1. The purchasers and owners of the items or works ordered or repaired expressly acknowledge that they have examined and accept the general terms and conditions for orders, sales and invoicing, as stated below.

  2. All invoices – prices stated in Euro – are payable on receipt at the company’s registered office in Beernem. In the event of a dispute, the courts in the district where our registered office is situated shall have sole jurisdiction. Belgian law applies.

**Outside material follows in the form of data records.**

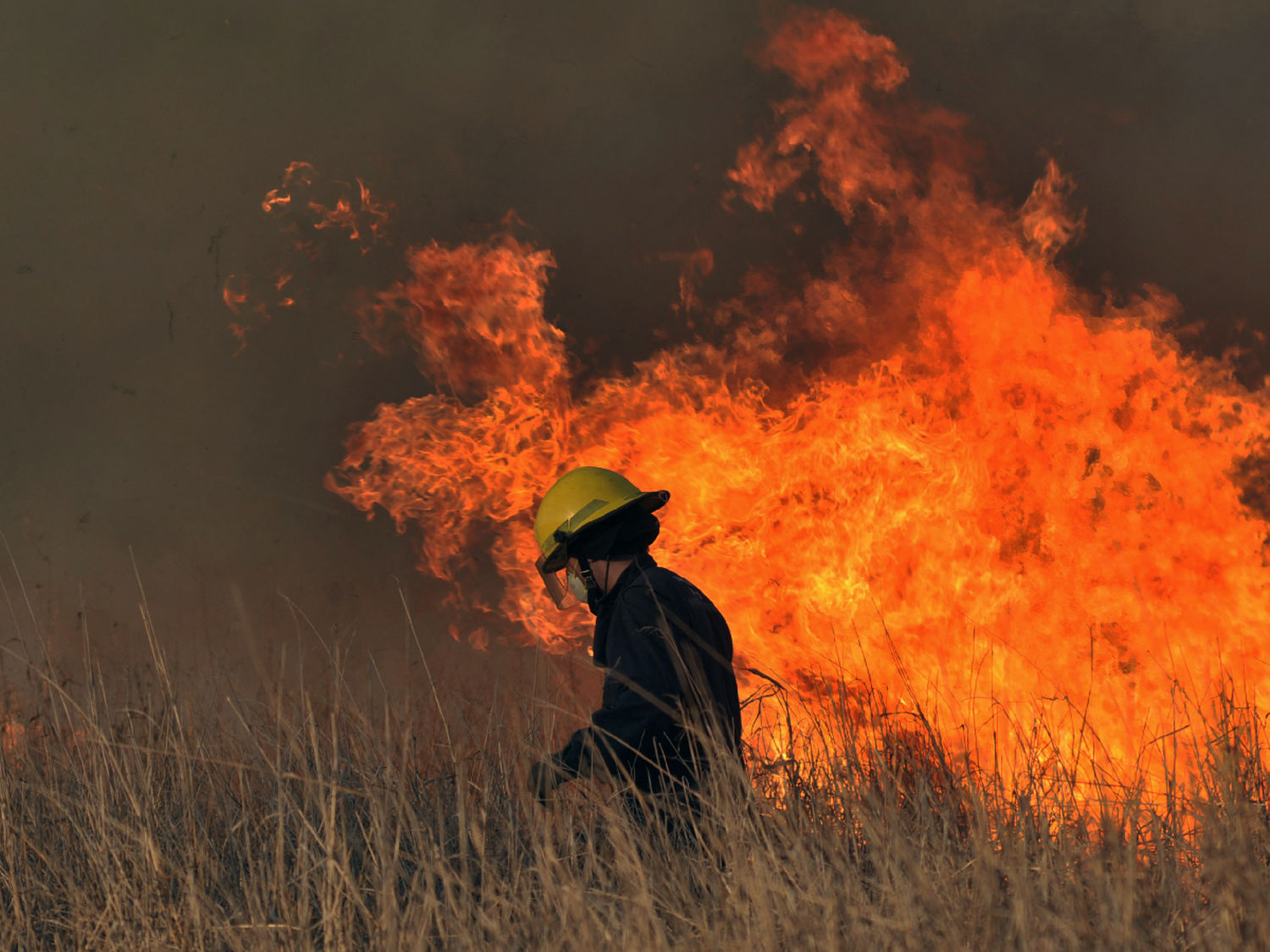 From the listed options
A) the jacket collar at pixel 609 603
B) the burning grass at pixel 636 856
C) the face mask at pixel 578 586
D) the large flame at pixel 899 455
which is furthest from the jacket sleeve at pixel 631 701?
the large flame at pixel 899 455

  3. If payment is not made on receipt, interest of 8% per month will be charged on the total amount of the invoices, from the date of invoice. This interest is owed automatically, without service of default being necessary. Interest incurred, which extends over a unit of one full year after the invoice is due for payment, will be added to the principal of the balance owed, automatically and without service of default, which together will also incur interest. The same applies to interest owed from successive years, which will also be capitalised automatically and without service of default at the end of each annual due date.

  4. If the invoice sent to the party invoiced is not paid within thirty days, the invoice will be increased by 15%, automatically and without service of default, by way of contractual compensation. A minimum of 50 Euro will be charged and this will be in addition to the contractual interest, which will remain owed in any event.

  5. Each payment is taken from the oldest invoice and/or late-payment interest. Any right of the purchaser to compensation, along with any claims that it considers itself to have, is excluded.

  6. All disputes in association with invoices, the contents thereof, and the terms and conditions of order, sale and invoicing, must be lodged by registered letter within eight days of receiving the invoice, otherwise the dispute will be deemed invalid. Unless it can be proved otherwise, invoices are deemed to have been received on the invoice date. Any subsequent disputes will not be accepted. All disputes relating to goods and delivery must be made by registered letter within two days of receiving the delivery, otherwise they will lapse.

  7. All undertakings will be considered as being made in Beernem and being executable there. Our deliveries are ex-works (INCOTERMS 1990), this being the location in Beernem, and will be deemed by use to have been delivered if the purchaser fails to take delivery of the goods after the delivery lead time has expired. The delivery lead time is provided by way of indication only and the vendor may in no way be required to pay compensation on account of the delivery lead time indicated expiring. The purchaser will remain bound by its undertakings. Only if the delivery lead time is exceeded by more than six months may cancellation ensue, albeit without any compensation being owed.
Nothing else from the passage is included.